The consumption of the board alone is around 60uA while MCU is in deep sleep, when clocked at default 72MHz. With soldered on RFM69HCW radio module and temperature/humidity HTU21D, the consumption raises to around 120uA while sleeping. This is about the same as a normal Li-Ion 1500mAh self-discharge current. It is enough to keep the node sending packet every 10 minutes for many months with a 1000mAh battery.
The board is designed as battery operated device, there is no load sharing when using USB as only power source. That is, the board needs battery, otherwise the MCU will not start. This is normal behavior of the used Li-ion charger, since it allows only up to 20mA trickle current. If you want to develop and upload code without battery, use the 4-pin ST-LINK connector that is providing also 3V3 to the board. Using ST-LINK is also the fastest, easiest, and most reliable way to program it. Same is true for all STM32 devices.
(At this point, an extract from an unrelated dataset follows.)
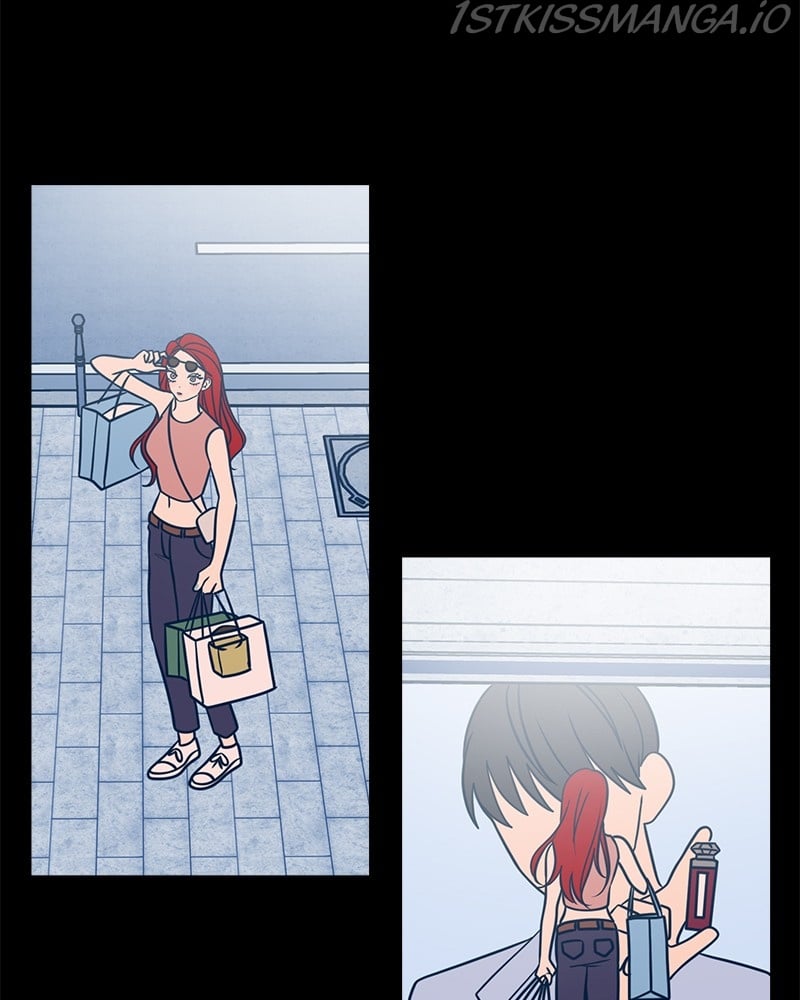 Throw the Trash in the Trash cane chapter 19 - page 150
Example code for HTU21D to print temperature and humidity to Hardware Serial 1 GitHub.
Example code for RFM69 is on GitHub. This example works with both STM32F103 and ATmega328P. It is using sensor registration that is specific to the OHS gateway, but it can be easily removed. The send and receive functions are quite self-explaining. I have also prepared slightly modified library for RFM69, that can be used also for both STM32F103 and ATmega328P. Library is on GitHub, and works with main Arduino_Core_STM32.
Additional Arduino libraries I use are also on GitHub.